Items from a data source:
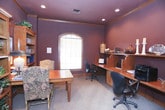 This single-floor home office space exudes a sophisticated, warm ambiance defined by its deep plum and rich burgundy wall tones, which are elegantly offset by natural wood trim, crown molding, and warm carpeted flooring throughout. The room is anchored by a substantial central wood table surrounded by upholstered floral-patterned chairs, offering a comfortable setting for meetings or collaborative work. A set of classic French doors with glass pane inserts connects the office to an adjacent bright living area, allowing natural light to filter in and creating a seamless sense of flow between spaces. A prominent arched window along one wall draws in additional daylight and frames a view of surrounding greenery. Built-in wood shelving and cabinetry line multiple walls, providing generous storage and display space for books, decorative items, and collectibles. A dedicated workstation area features a built-in countertop desk with ample surface area, accommodating office equipment including a multifunction printer. Recessed ceiling lighting complements the natural light to maintain a well-lit, productive atmosphere. The cohesive use of warm wood tones throughout the cabinetry, trim, and furniture ties the room together, lending the space a refined yet approachable character well-suited for both professional work and personal use.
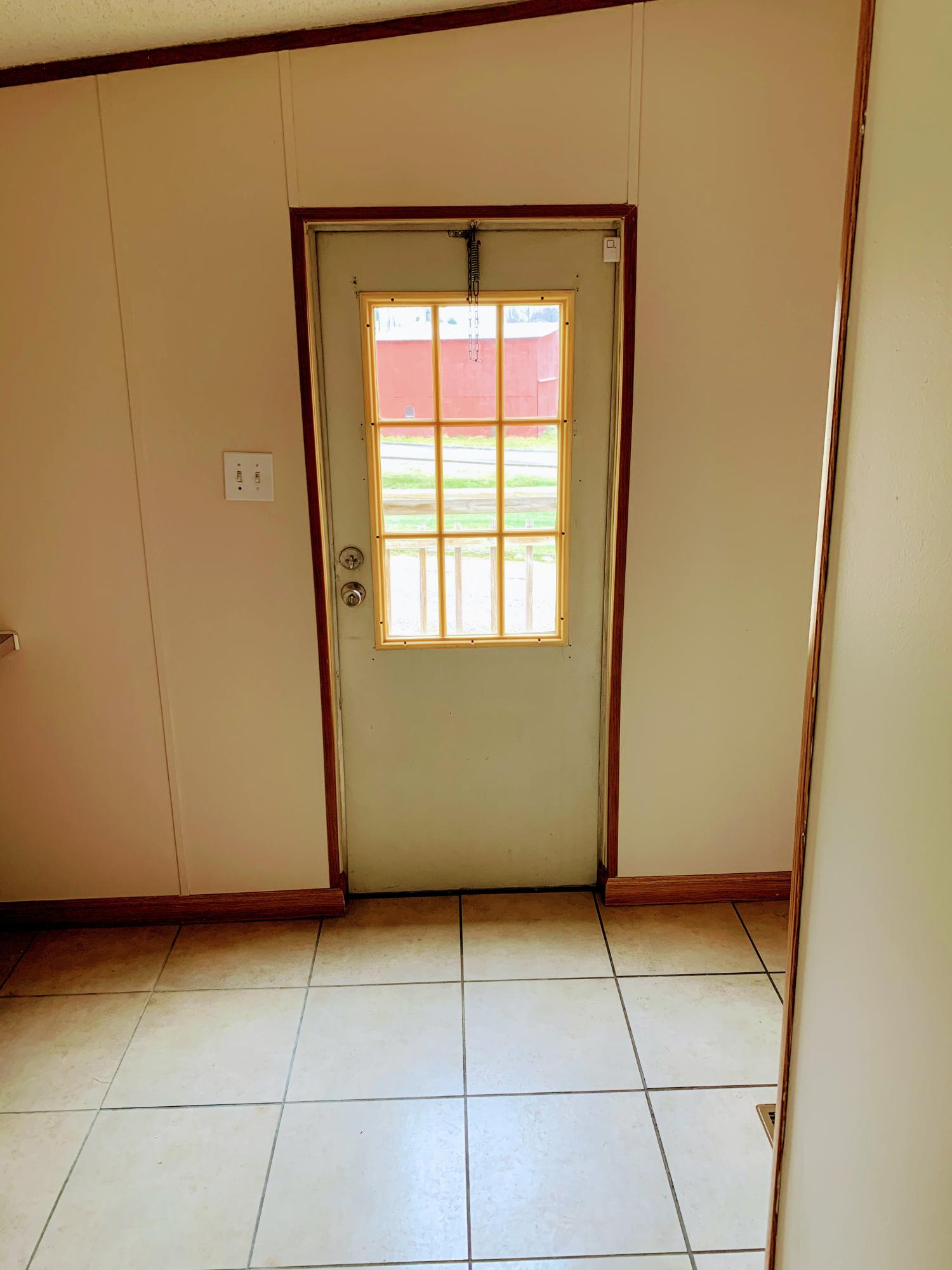 260 Quillen Shell Road Greeneville, TN 37745 - Photo 15 of 32 Laundry room to side door
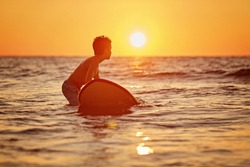 Side View Of Fearless Kid Floating Surfboard At Ocean With Waves On Sunny Evening. Surfer With His Surfboard At The Beach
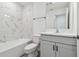 Clean bathroom with white cabinets and marble-look tile at 282 Via Anina Dr, Sarasota, FL 34243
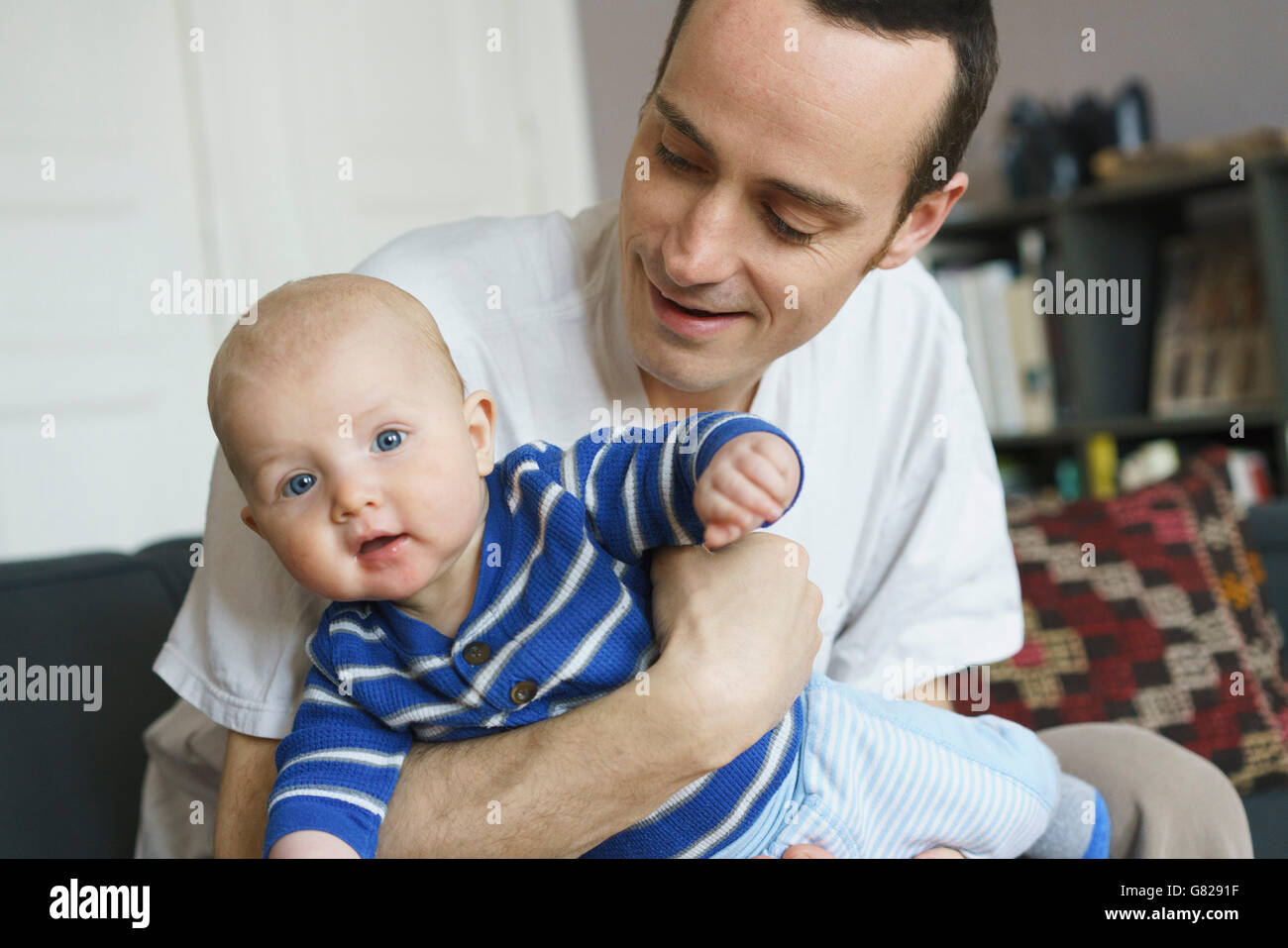 Close-up of father playing with son at home Stock Photo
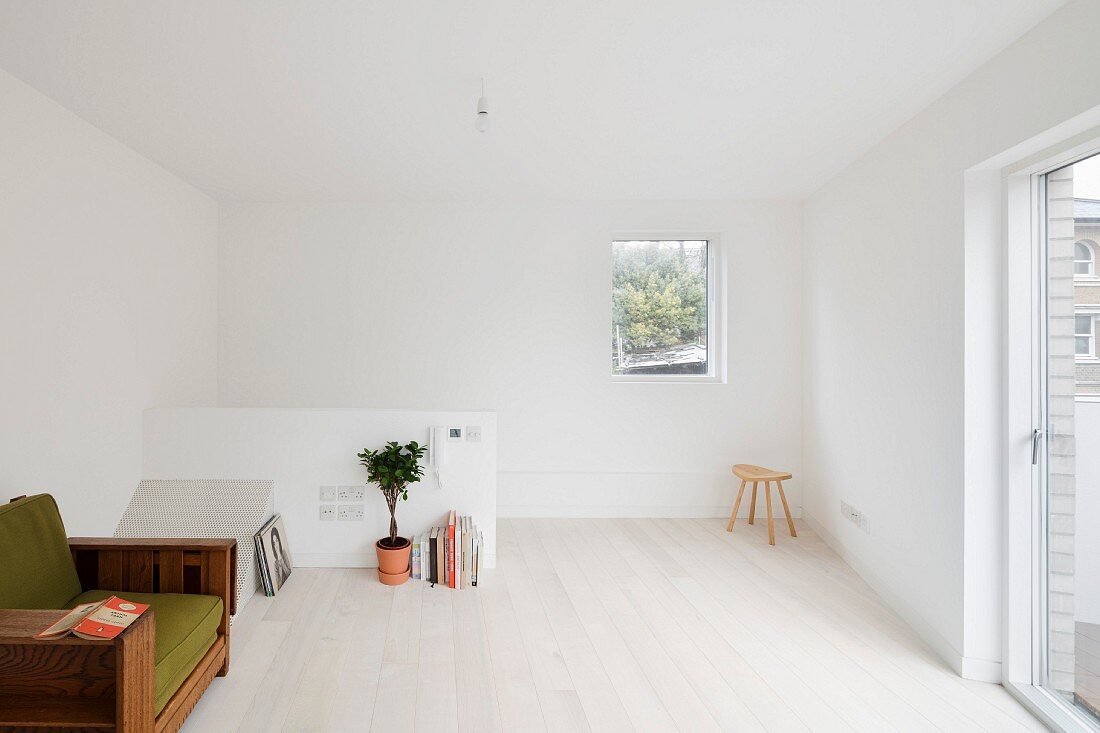 Bright attic room with white wooden floor
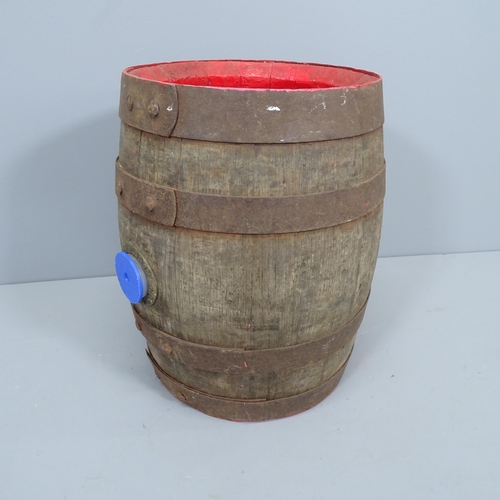 2251 - A vintage coopered oak barrel, with impressed marks for Young & Co. Brewery of London. Height 43cm.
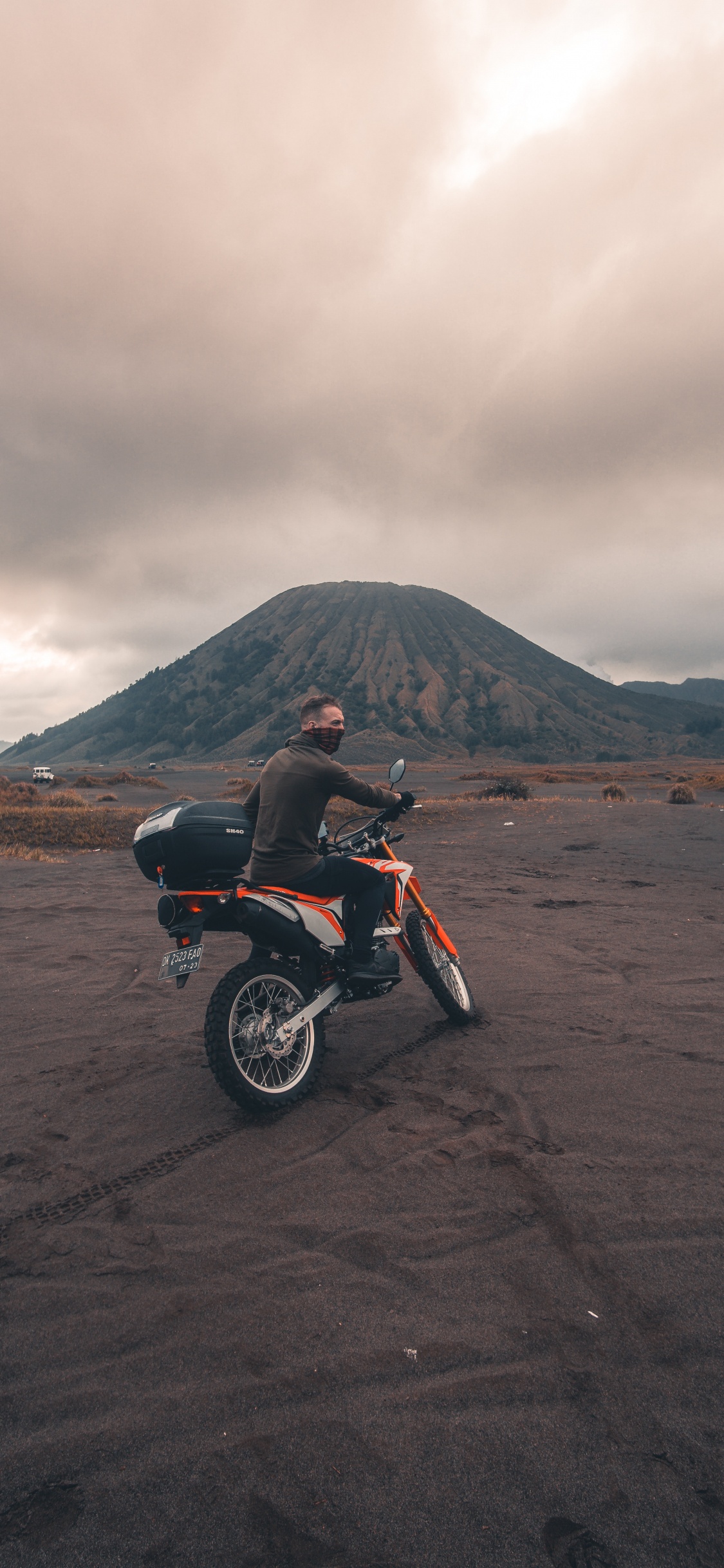 Red and Black Motorcycle on Brown Sand Under Cloudy Sky During Daytime. Wallpaper in 1125x2436 Resolution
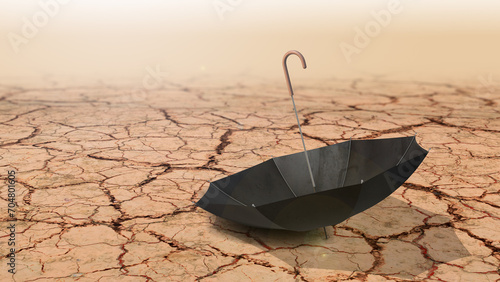 Umbrella on dry land caused by drought and lack of rain due to climate change photo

## Work instruction
Exact copy, no pictures. Write out the lines in the entries above, starting with the line with "Clean bathroom with" and going on through the line with "2251 - A vintage", keeping both.

## Finished exercise
 Clean bathroom with white cabinets and marble-look tile at 282 Via Anina Dr, Sarasota, FL 34243
 Close-up of father playing with son at home Stock Photo
 Bright attic room with white wooden floor
 2251 - A vintage coopered oak barrel, with impressed marks for Young & Co. Brewery of London. Height 43cm.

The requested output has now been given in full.